Task item:
From the first line to the last, copy the listing exactly and omit the pictures.

Provided data:
****************************************
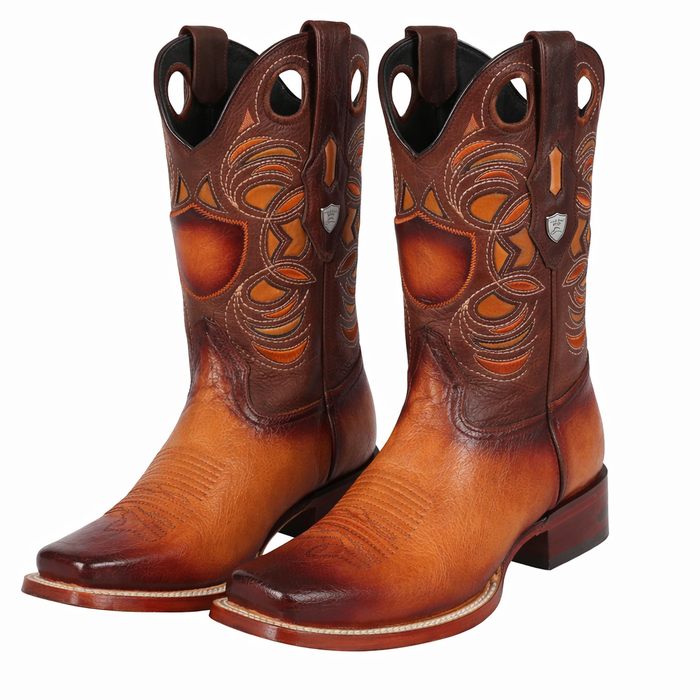 Smooth Ostrich Rodeo Toe Western Boots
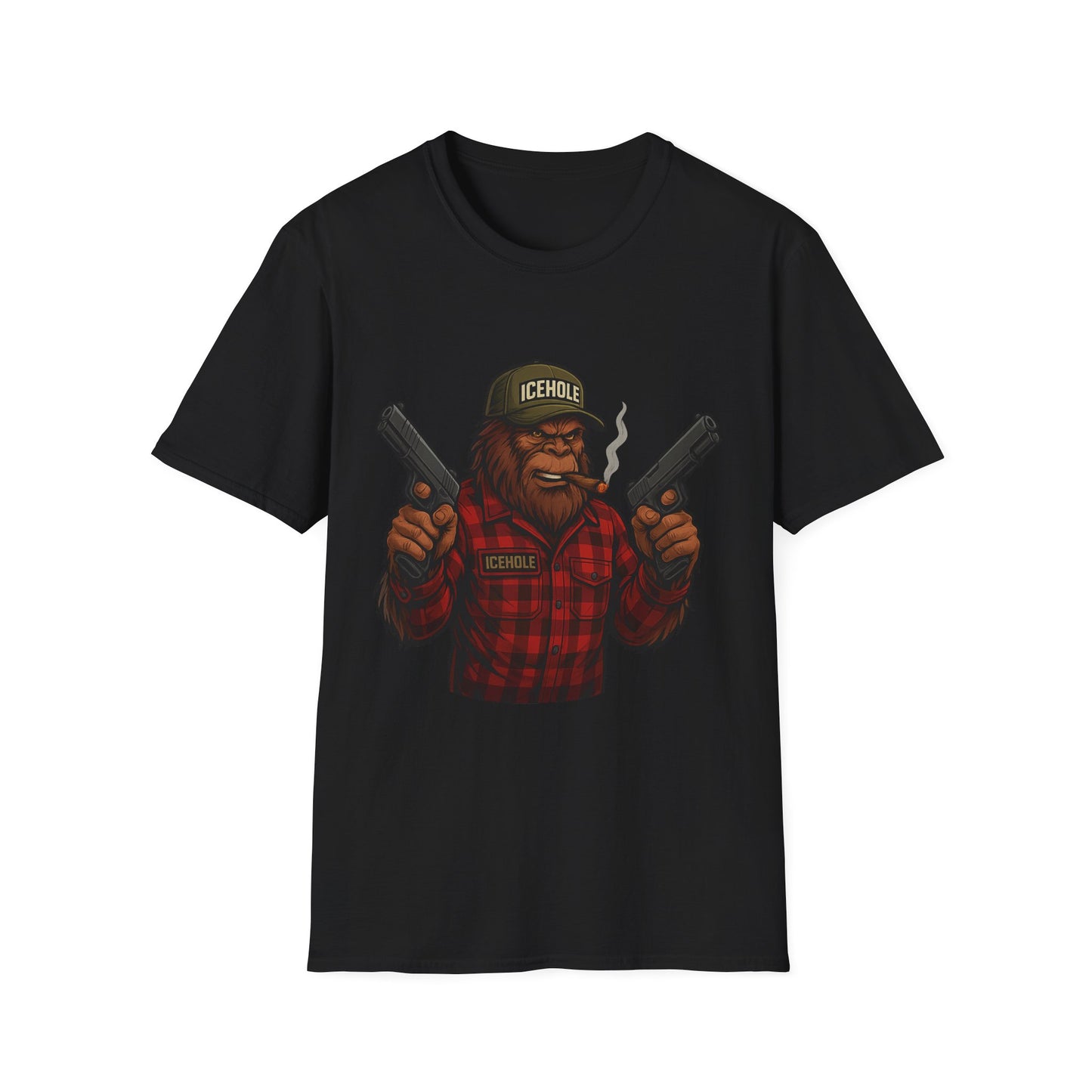 Bigfoot Graphic No Background Team IceHole Mascot T-Shirt - Unisex Softstyle Tee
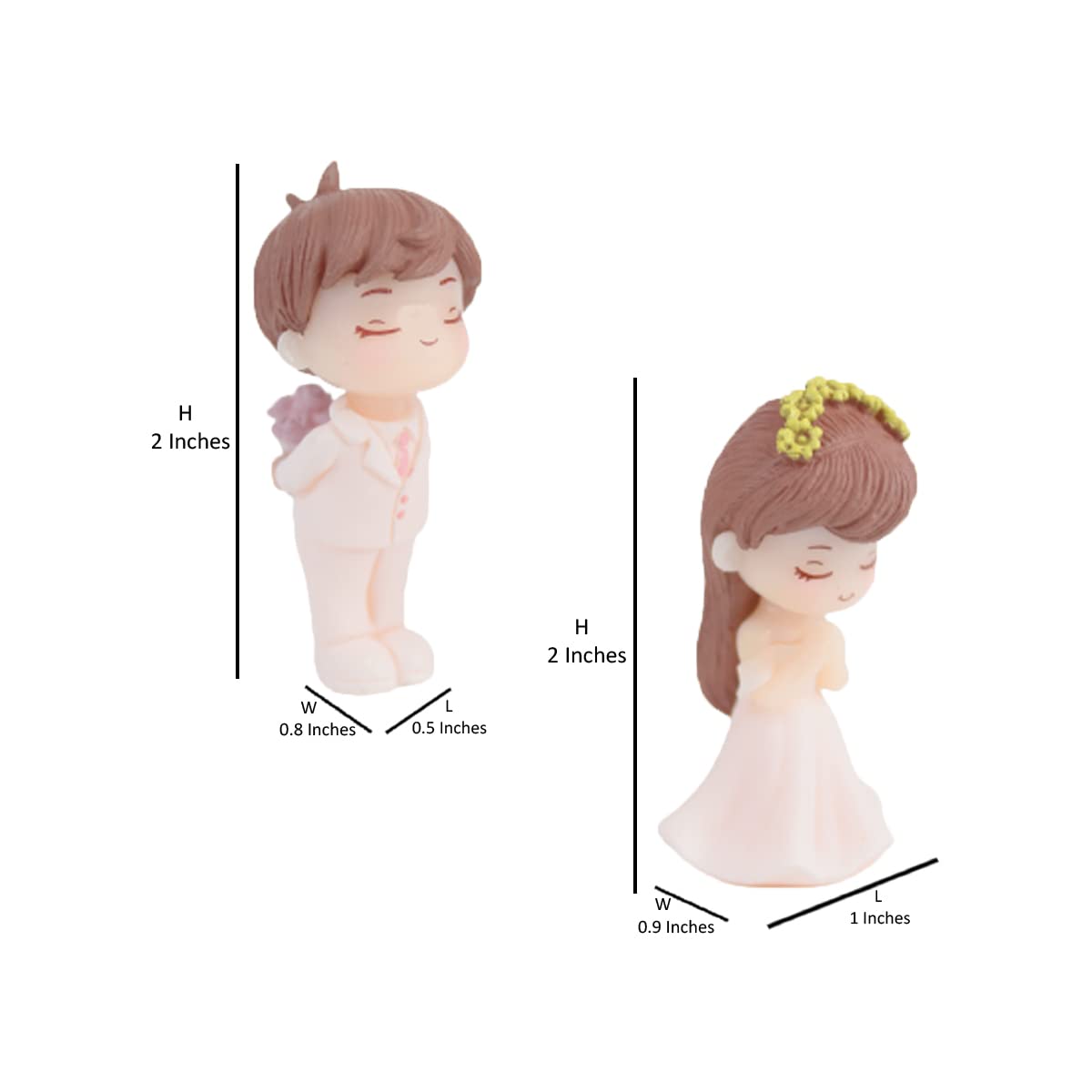 Surprised Couple Miniature (Grey & Pink)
****************************************
Response for this exercise:
 Smooth Ostrich Rodeo Toe Western Boots
 Bigfoot Graphic No Background Team IceHole Mascot T-Shirt - Unisex Softstyle Tee
 Surprised Couple Miniature (Grey & Pink)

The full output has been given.